Crawled caption data:
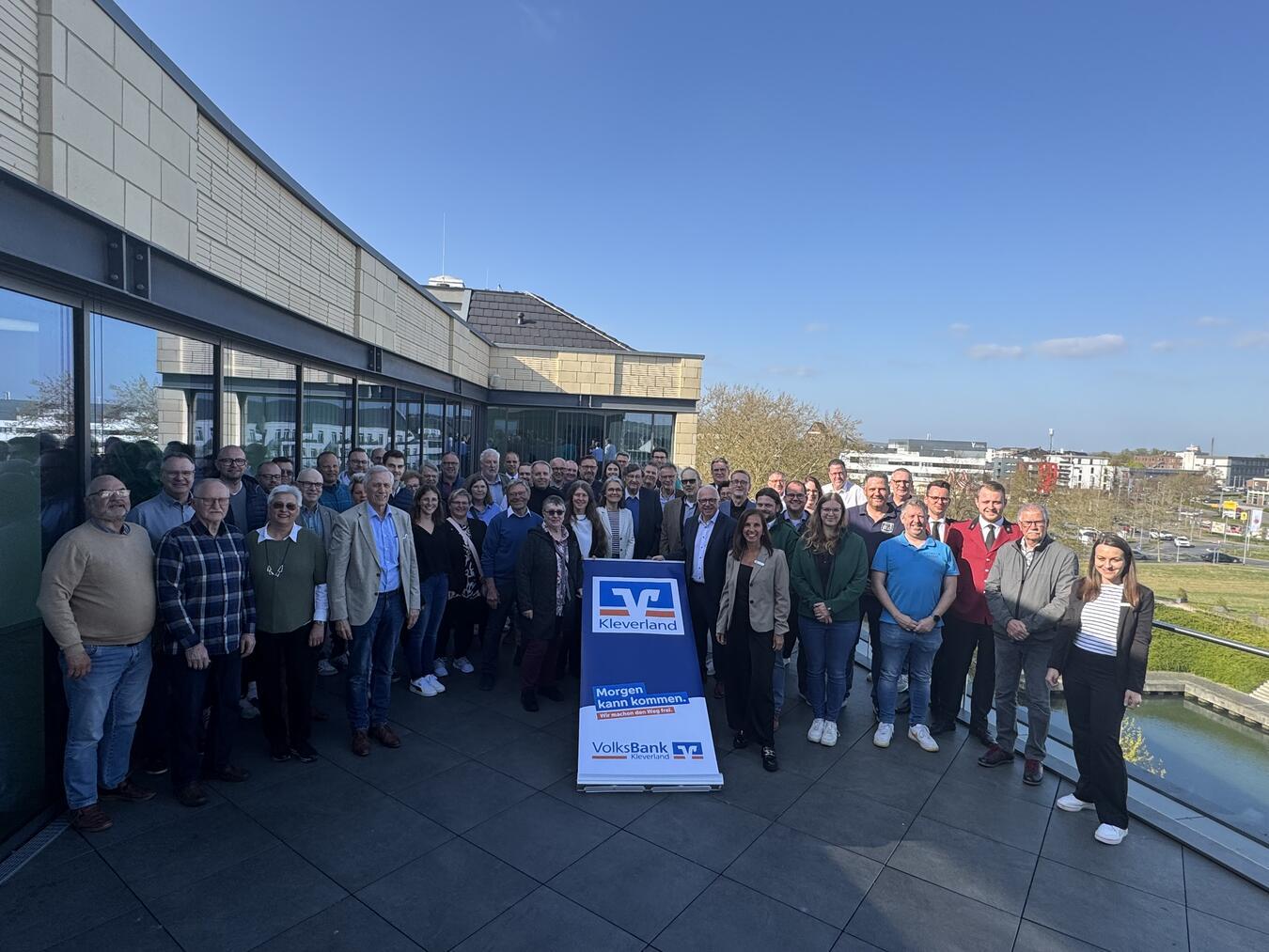 Gemeinsam stark für Heimat, Kultur und Natur Insgesamt 37 Vereine aus dem gesamten Geschäftsgebiet der Volksbank Kleverland hatten sich beworben – und alle konnten berücksichtigt werden. Foto: Volksbank Kleverland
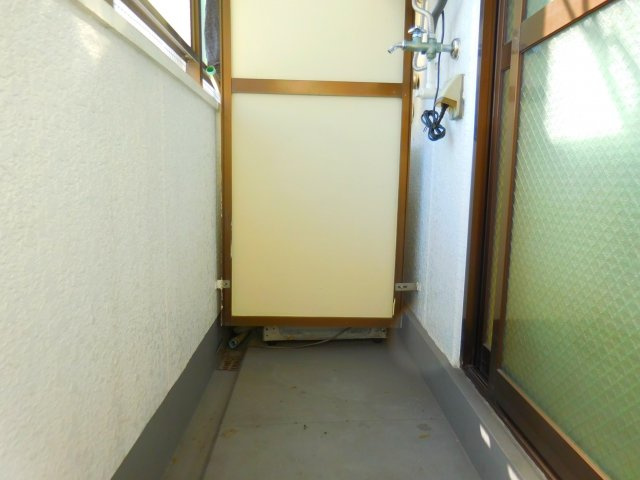 川西エンビィハイツのバルコニー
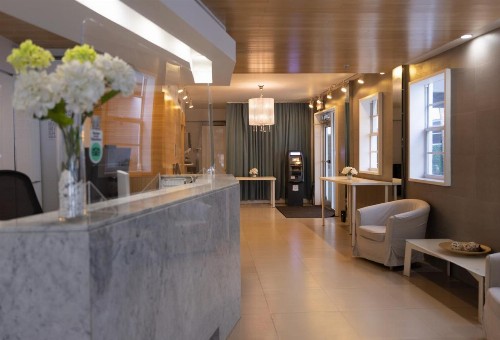 Ocean Reef Suites - image 6
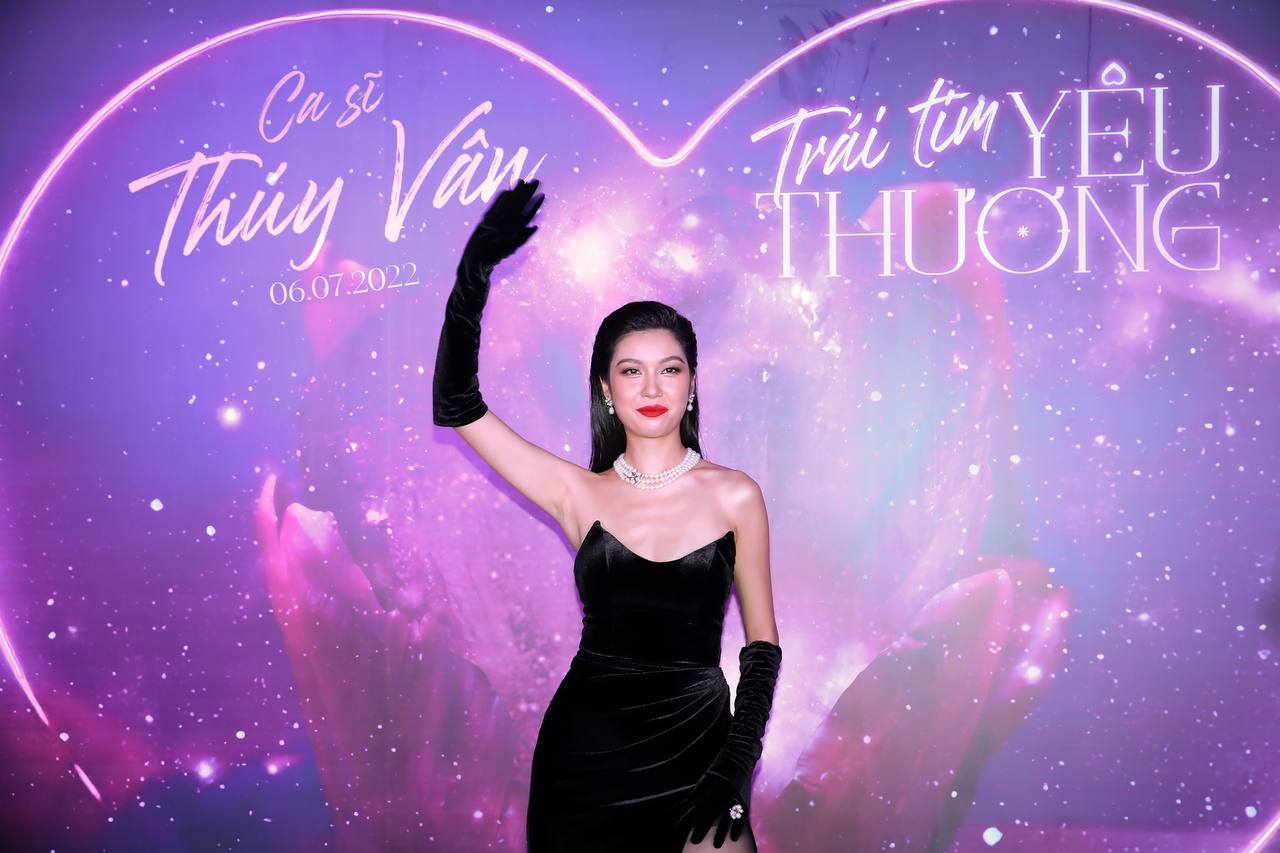 Thúy Vân chính thức làm ca sĩ: Mời Vũ Thu Phương - Khánh Vân đóng MV, bất ngờ bật khóc trong họp báo - Ảnh 1. Thúy Vân chính thức làm ca sĩ: Mời Vũ Thu Phương - Khánh Vân đóng MV, bất ngờ bật khóc trong họp báo - Ảnh 1.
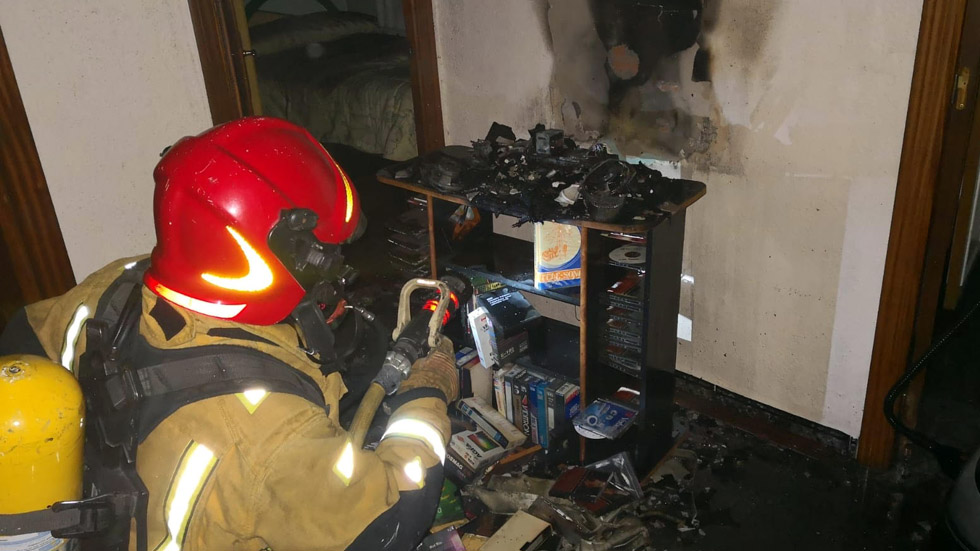 Imagen de dentro de la vivienda / Imagen del cuerpo de bomberos
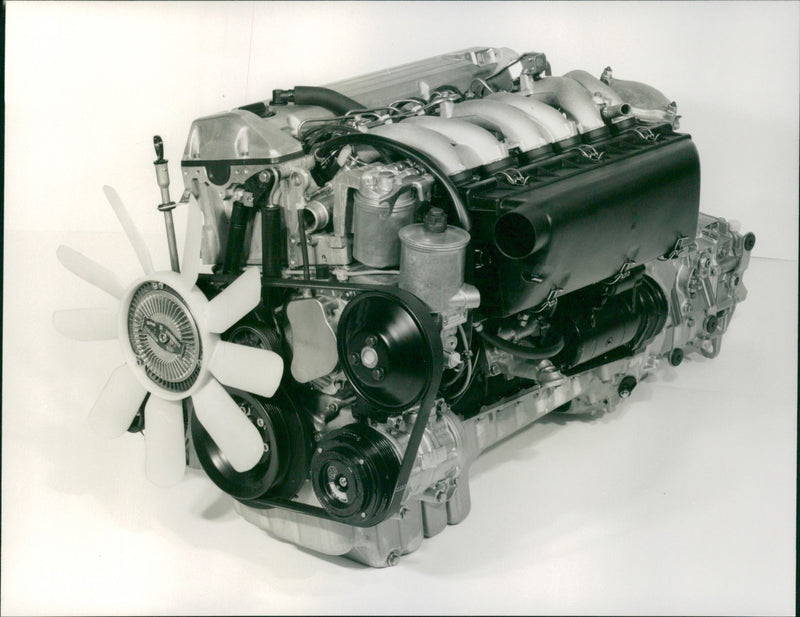 Mercedes-Benz 200 D - Vintage Photograph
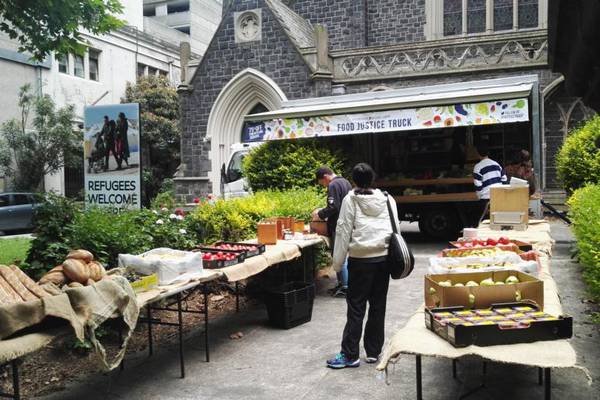 Can food sharing initiatives reduce food waste?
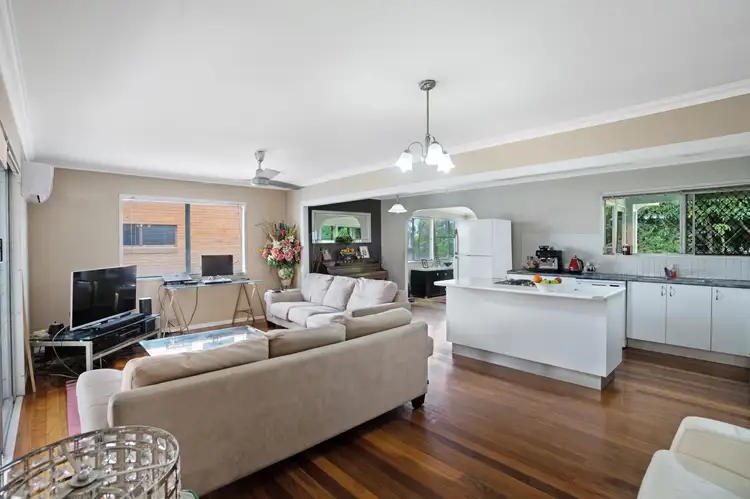 23 Levant Street, Albany Creek QLD 4035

| TASK STATEMENT |
All that is wanted is the lines above between the one containing "川西エンビィハイツのバルコニー" and the one containing "Mercedes-Benz 200 D - Vintage Photograph", inclusive, restated word for word, with pictures omitted.

| YOUR SOLUTION |
 川西エンビィハイツのバルコニー
 Ocean Reef Suites - image 6
 Thúy Vân chính thức làm ca sĩ: Mời Vũ Thu Phương - Khánh Vân đóng MV, bất ngờ bật khóc trong họp báo - Ảnh 1. Thúy Vân chính thức làm ca sĩ: Mời Vũ Thu Phương - Khánh Vân đóng MV, bất ngờ bật khóc trong họp báo - Ảnh 1.
 Imagen de dentro de la vivienda / Imagen del cuerpo de bomberos
 Mercedes-Benz 200 D - Vintage Photograph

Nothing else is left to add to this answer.